Présent lors de la conférence de presse, Alfonso Dorado, membre du Jurdi (Juristes pour le respect du droit international) a affirmé : « Le droit international s’applique aux acteurs privés ». La plainte cite comme précédant la condamnation de Lafarge, « devenue, en janvier 2024, la première société française à être mise en examen pour complicité de crimes de guerre en Syrie ».
Crime de guerre et crime contre l’humanité
La déportation est prohibée par plusieurs textes, qu’il s’agisse du statut de Rome de la Cour pénale internationale ou de la quatrième convention de Genève, ratifiés par la France ou encore du code pénal français.
Dans leur plainte, les avocats avancent que la déportation de Salah Hammouri constitue à la fois un crime de guerre (car elle a lieu dans le cadre « d’un conflit armé international » qui « inclut l’occupation militaire ») et un crime contre l’humanité (car elle « s’inscrit dans le cadre d’attaques à la fois généralisées et systématiques contre la population civile palestinienne, en particulier à Jérusalem-Est »). « En 2023, 61 Palestiniens de Jérusalem-Est ont été privés de leur statut de résident permanent » mentionne la plainte.
La plainte avance trois motifs selon lesquels la déportation, consécutive à la privation de Salah Hammouri de son statut de résident permanent, serait contraire au droit international. Premièrement, car « elle résulte de l’exercice abusif des pouvoirs par les autorités israéliennes sur Jérusalem-Est, à la suite de son annexion illégale. En tant que puissance occupante, Israël n’a pas le droit de régir le statut juridique de la population occupée ».
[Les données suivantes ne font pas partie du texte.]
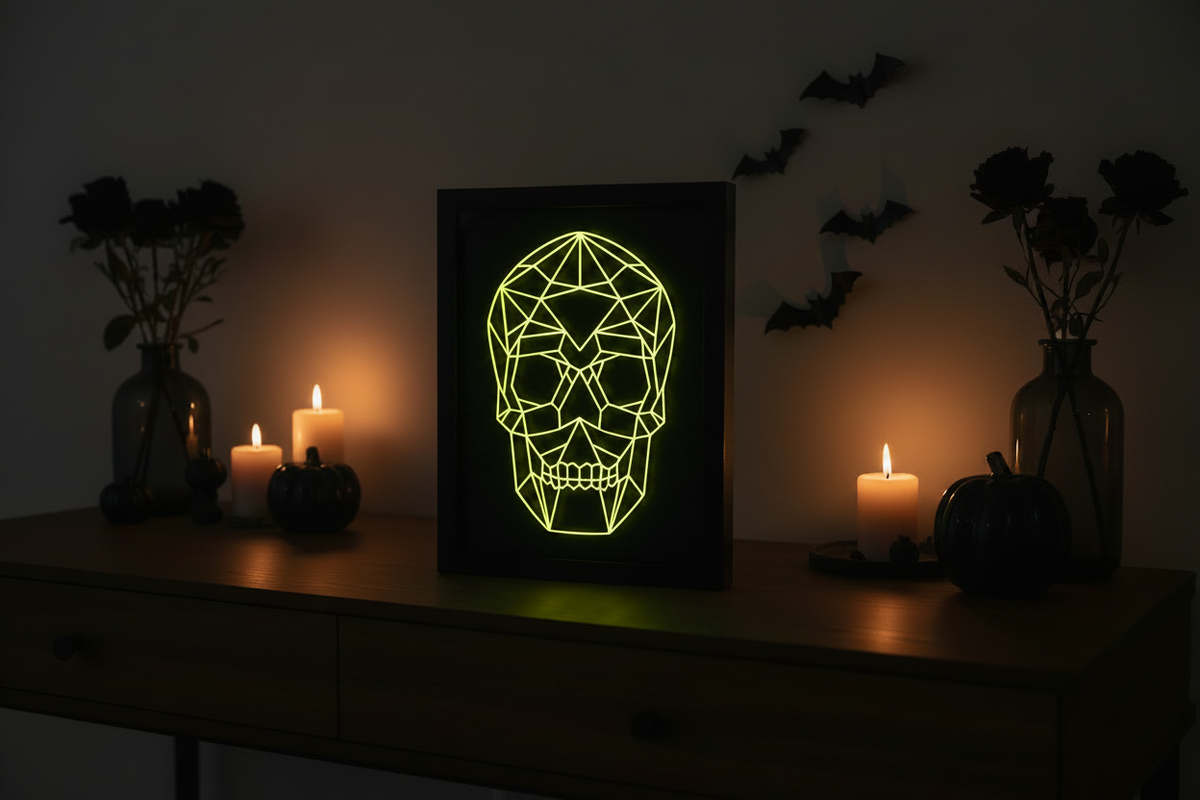 Geometric Glow-in-the-Dark Skull shadow box on a dark moody desk with Halloween decorations and neon green glow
Deuxièmement, car « le régime du “permis de séjour permanent” instaure une discrimination à l’encontre de la population palestinienne, instrumentalisée pour réprimer l’opposition politique interne, en violation du droit international. » Dans un avis de 2024, la Cour internationale de justice considérait « qu’aucun traitement différentiel ne peut être justifié par l’avancement de la politique de colonisation israélienne ou de sa politique d’annexion ».
Les responsables de ma déportation doivent en payer le prix.
S. Hammouri
Enfin, c’est en raison du « défaut d’allégeance » qu’Israël a privé Salah Hammouri de son statut de résident permanent. Or, l’article 45 de la Convention de La Haye de 1907 prévoit l’interdiction « de contraindre les habitants d’un territoire occupé à prêter serment de fidélité à prêter allégeance à la puissance occupante ».
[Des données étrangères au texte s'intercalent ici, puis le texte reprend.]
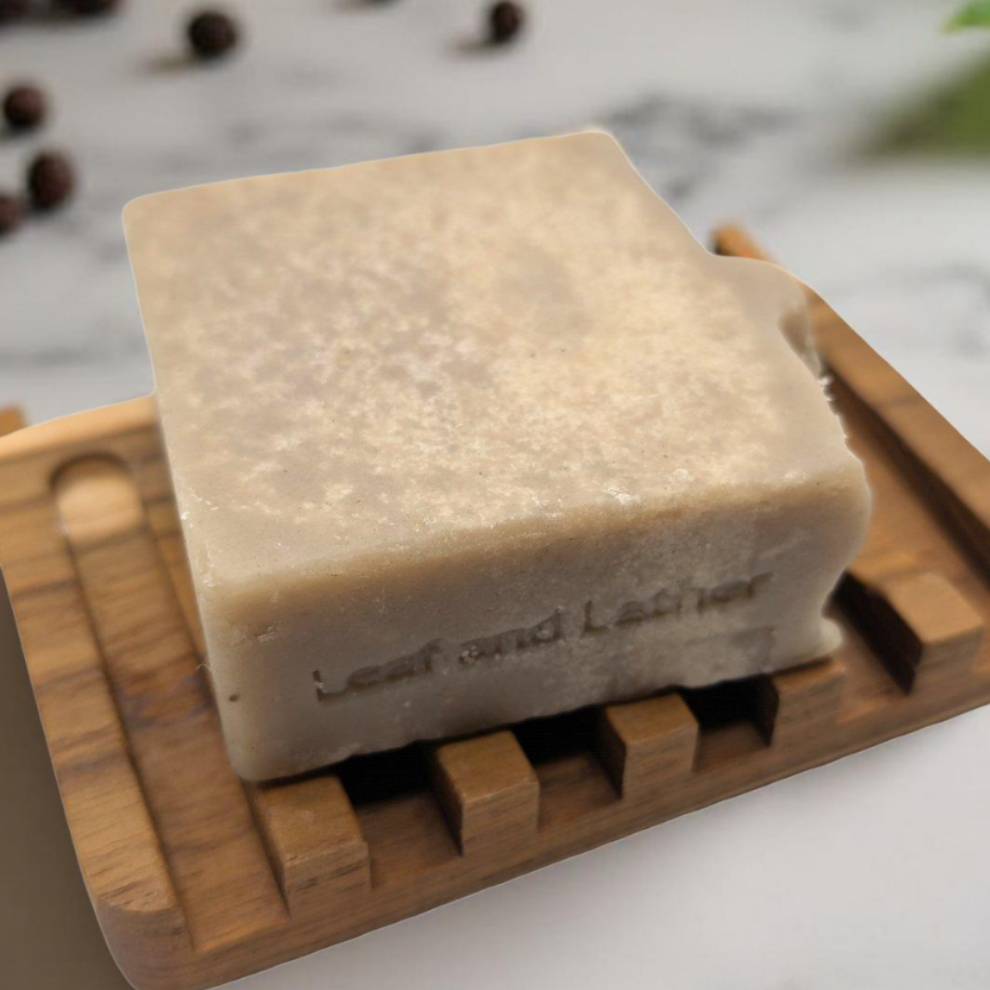 Bar of soap on a wooden soap dish with a blurred natural background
« Protéger le reste des Palestiniens »
Par son statut de ressortissant français, Salah Hammouri a pu déposer plainte avec constitution de partie civile devant le doyen des juges d’instruction du tribunal judiciaire de Paris. « Les responsables de ma déportation doivent en payer le prix », a affirmé Salah Hammouri. Celui qui est aussi membre de l’association Nidal au sein de laquelle la diaspora palestinienne mène des actions juridiques contre Israël a poursuivi : « Le but est aussi de protéger le reste des Palestiniens présents dans les territoires occupés à Jérusalem ».
Citant la loi de 1980 sur « Jérusalem Capitale d’Israël » et celle de 2018 sur le défaut d’allégeance, il a indiqué que sa déportation avait eu lieu « dans un contexte politique visant à vider Jérusalem [des Palestiniens] ».
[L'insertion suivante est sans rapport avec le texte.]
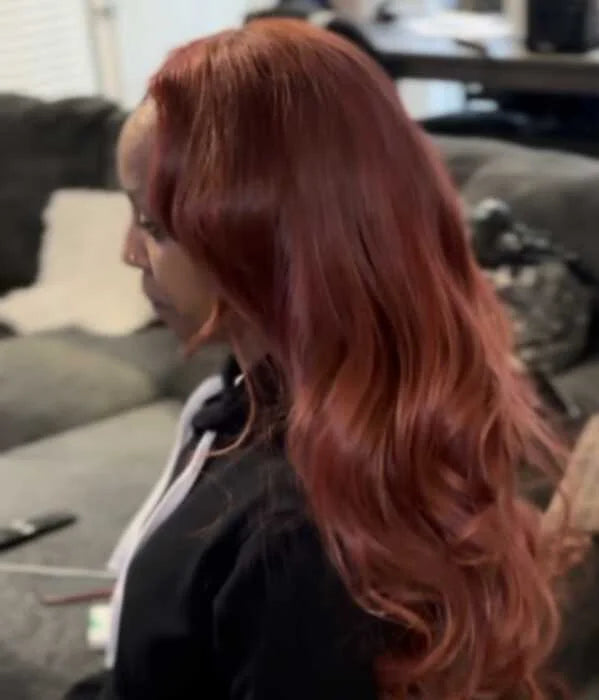 Person with long, wavy red hair sitting on a couch in a living room.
Vincent Brengarth a dénoncé un contexte où « les autorités françaises multiplient les poursuites pour apologie du terrorisme mais les poursuites sont entravées ou n’ont pas lieu quand ça touche des victimes du régime israélien ». Il espère que « les juridictions françaises prennent leur responsabilité face à la commission de ces crimes ». En avril 2024, Salah Hammouri avait déposé une première plainte pour « tortures » et « détention arbitraire » pour laquelle l’instruction est en cours.